Dans un cas je pense que c'est un peu du foutage de gueule, et dans l'autre je penche clairement vers le foutage de gueule. Surtout que des plans de cet acabit voués à interprétation, il n'y en a pas qu'un. Je pense notamment à un plan fixe sur un balcon où un personnage marche, regarde au loin, disparaît à l'angle, revient, regarde à nouveau au loin, et le tout pendant presque trois minutes. Dans la scène suivante on apprend que l'Assassin s'est infiltrée dans les lieux et cela indiquerait donc que la précédente scène servait à mettre en évidence le fait qu'elle se déplace discrètement comme une ombre et que de facto on ne la voit pas...Ca tombe bien puisque précédemment il n'y a rien à voir pendant trois minutes si ce n'est une jolie photographie – une constante dans le film – et un toit en tuiles.
Il se dégage du film un profond sentiment d'austérité que le format 4:3 ne fait que renforcer, en plus d'entacher, selon moi, la qualité graphique de l'ensemble. Car oui, du point de vue graphique et esthétique, le film regorge de qualité. Mais lâché par le scénario, (me sentant) bafoué par la réalisation singulière de Hou Hsiao-Hsien, j'ai fini par plonger totalement dans une léthargie cotonneuse en me laissant porter par les images, sans chercher à les comprendre. J'ai voyagé intérieurement en étant bercé par de splendides paysages, décors et costumes aux couleurs chatoyantes.
Mais ça ne m'a pas empêché de terminer ma salle sur un amer sentiment de vacuité.

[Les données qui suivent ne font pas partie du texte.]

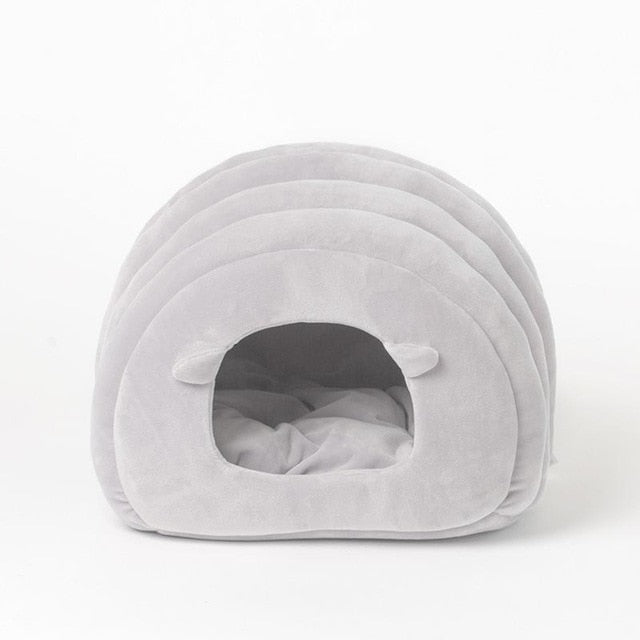 Cozy Cat - Warm Cat House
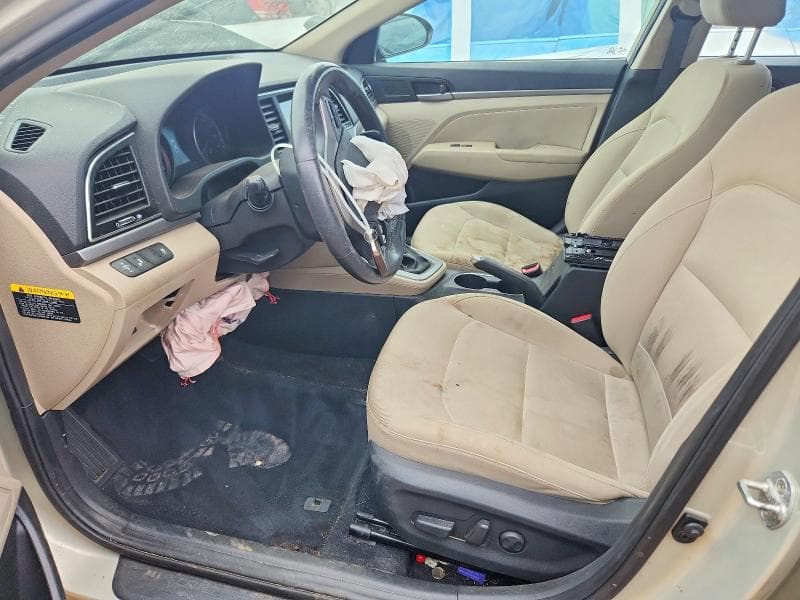 2017 HYUNDAI ELANTRA VALUE EDITION 7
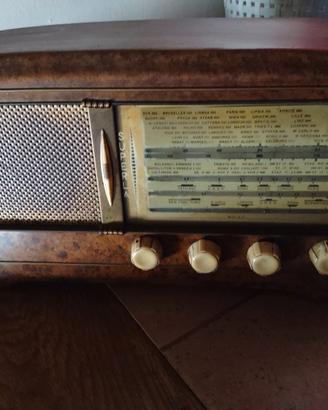 Radio Superla mod 8R anni '56/'57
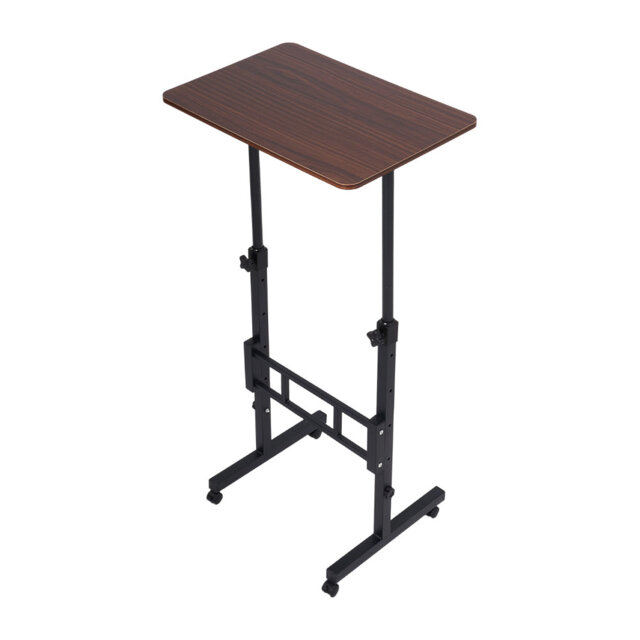 Metal Base Standing Desk
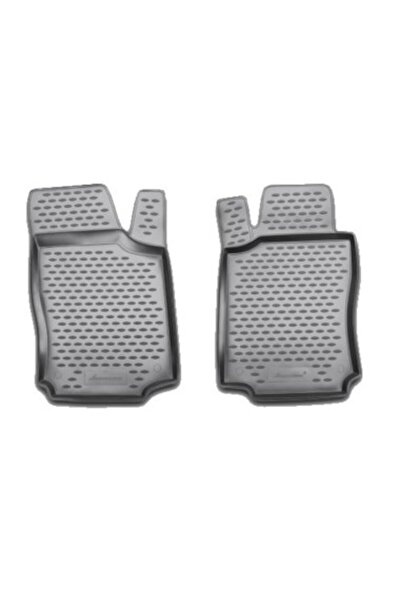 Umbrella Covorașe auto din cauciuc, tip tavă, OPEL Combo 2001-2012, Novline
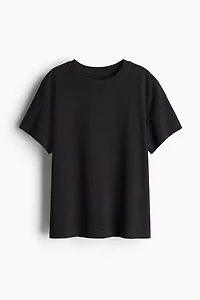 Oversized Cotton T-Shirt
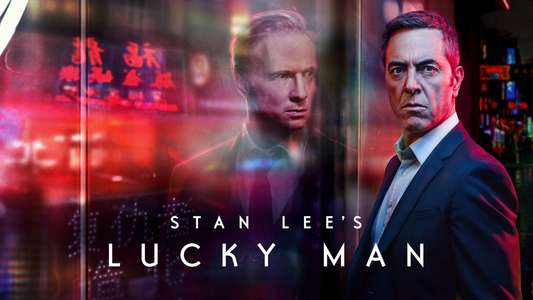 Stan Lee's Lucky Man - Backdrops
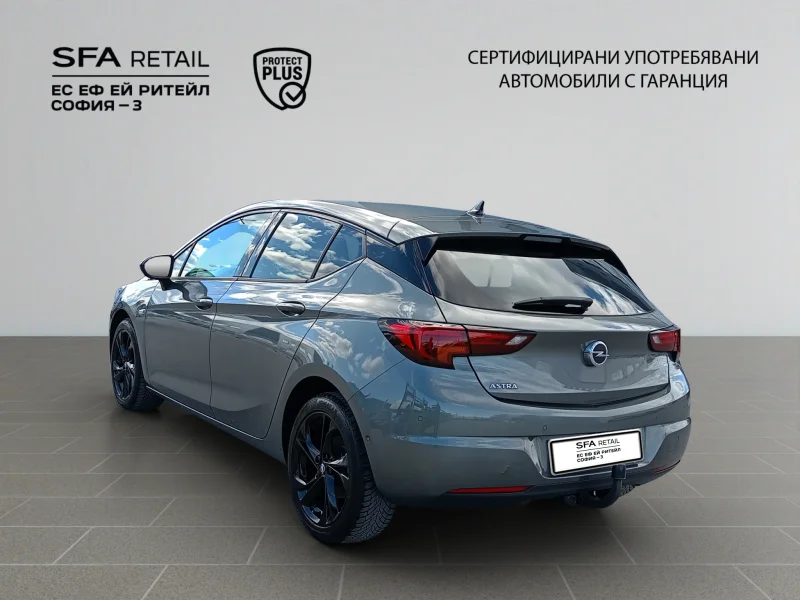 Opel ASTRA K GS 145к.с. бензин Start&Stop МТ6 — снимка 7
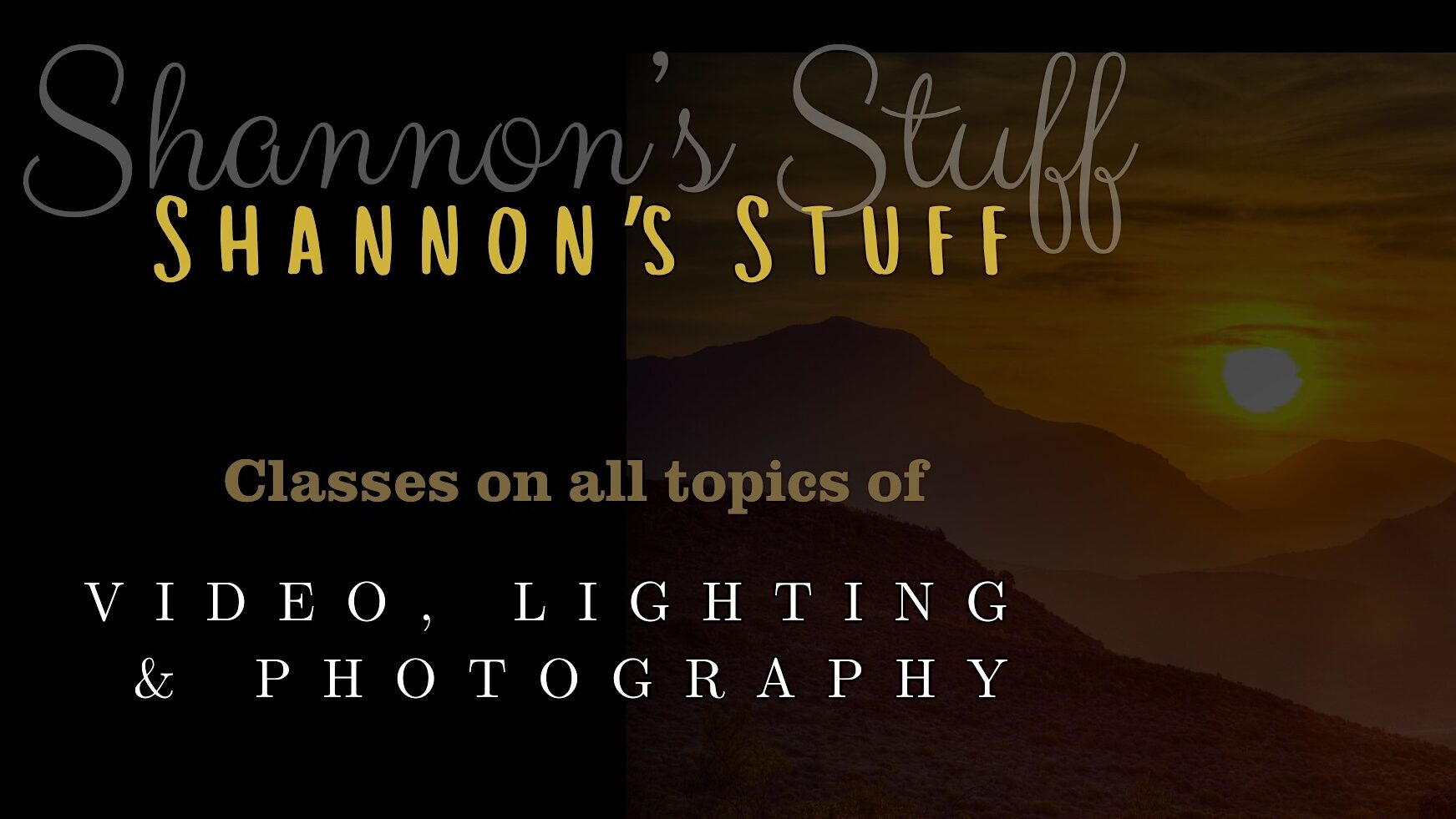 How to film a music video, from start to finish, filming, one a budget, filming a short video, shannonsstuff.com, shannon's stuff, the steps to filming a video, Shannon Wine, teacher, skillshare, Lighting, lighting techniques, studio lighting, video lighting, photography, lighting models, lighting diagrams, 3-Pt lighting, lighting concepts, videographer skills, lighting classes, basic video skills, basic lighting skills, basic lighting, basic filmmaking, lighting class, how-to, how to light a model, how to light in a studio, how to light a person, podcast lighting, attractive podcast lighting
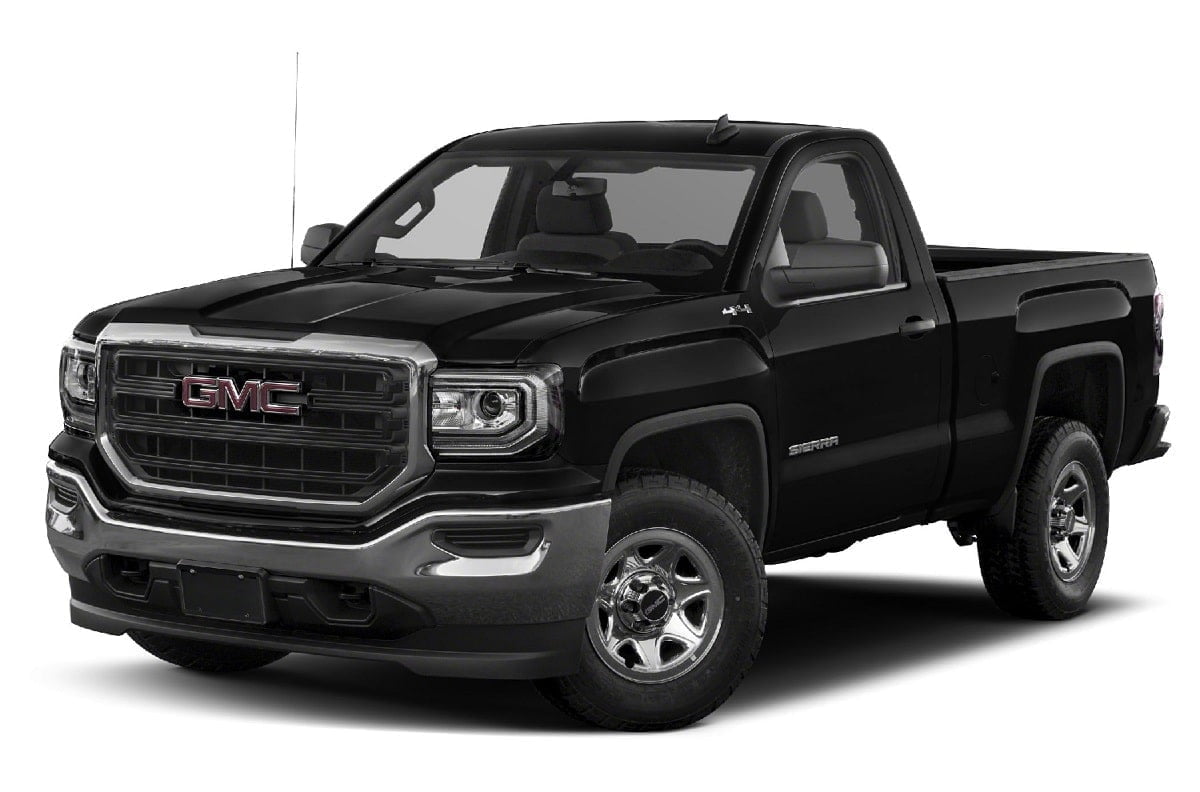 Descargar Manual GMC SIERRA 1500 2016 de Usuario Gratis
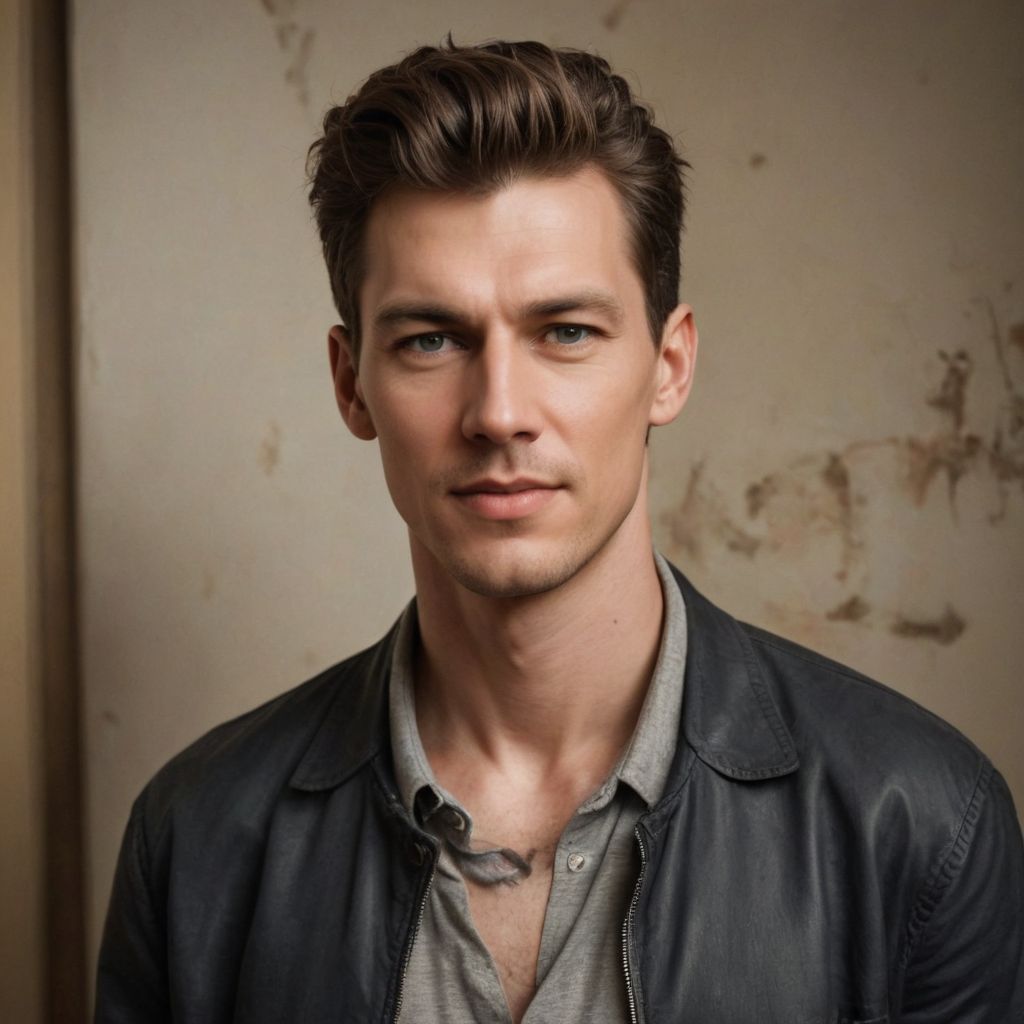 Поп-Art Photo Style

Après, il m'est toutefois difficile de totalement déconseiller ce film aux curieux tant j'ai conscience que mon aversion pour le cinéma chinois s'intensifie au fil des années. Je fais partie de cette catégorie de spectateurs insensible au cinéma de Wong Kar-Wai, qui n'accroche pas à Tigre et Dragon ou encore qui résume Héro à "C'est beau mais c'est chiant". D'ailleurs c'est un peu ce que je retiens de ce The Assassin : c'est beau mais c'est chiant. Mais à vous de voir si le voyage peut vous plaire.